United States Monetary Policy

United States

Fed keeps monetary policy unchanged

At its policy meeting on 19-20 March, the Federal Open Market Committee (FOMC) reaffirmed its monetary policy stance. The FOMC announced that the target range for the federal funds rates will remain at the current range of between 0.00% and 0.25% at least as long as the unemployment rate remains above 6.5% and providing that long-term inflation expectations remain well anchored. Moreover, the Fed announced it will continue with its programmes of monthly purchases of USD 45 billion of long-term Treasury securities and USD 40 billion of mortgage-backed securities, in addition to reinvesting the principal payments from its holdings. The pace at which the Fed purchases assets will be reduced once employment growth picks up at a steady rate. All these decisions were in line with market expectations.

The Fed stated that data suggest a return to moderate economic growth. Moreover, monetary authorities noted that the labour market and household spending are showing signs of improvement but that unemployment still remains elevated. Although the Fed continues to see downside risks to the economic outlook, the Committee expects that "with appropriate policy accommodation, economic growth will proceed at a moderate pace and unemployment will gradually decline."

Regarding price developments, monetary authorities explained that inflation "has been running somewhat below the Committee's longer-run objective, apart from temporary variations that largely reflect fluctuations in energy prices" while adding that long-term inflation expectations have remained stable. The Fed continues to anticipate that inflation over the medium term will "likely run at or below its 2 percent objective".

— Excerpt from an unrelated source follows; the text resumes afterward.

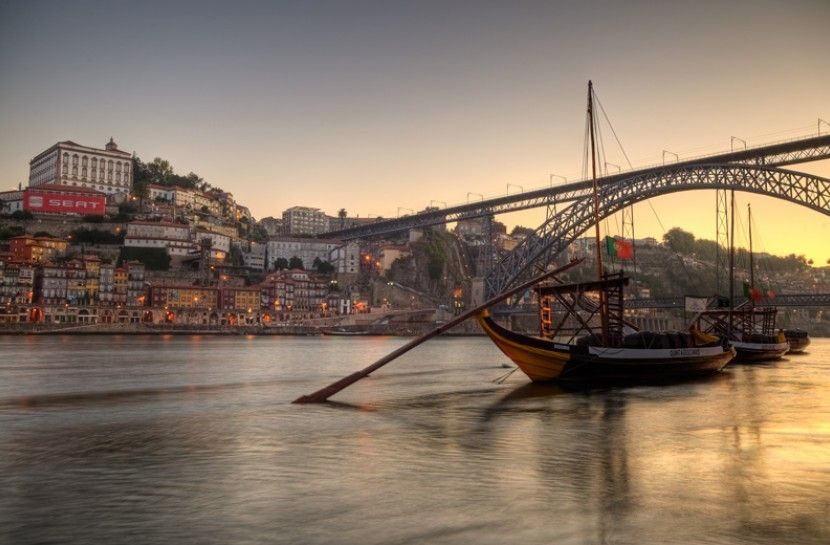 Porto: Full-Day All-Inclusive Private City Sightseeing Tour - Port wine cellar visit: what the tasting is really trying to teach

Against this backdrop, the FOMC slightly downgraded its growth projections and now expects GDP to grow between 2.0%-3.0% this year (previously expected: 2.0%-3.2%) and the unemployment rate to range between 6.9%-7.6% (previously expected: 6.9%-7.8%). Consensus Forecast panellists expect the Fed to remain on hold this year and the next, with the federal funds rate at 0.19% in 2013 and 0.28 in 2014.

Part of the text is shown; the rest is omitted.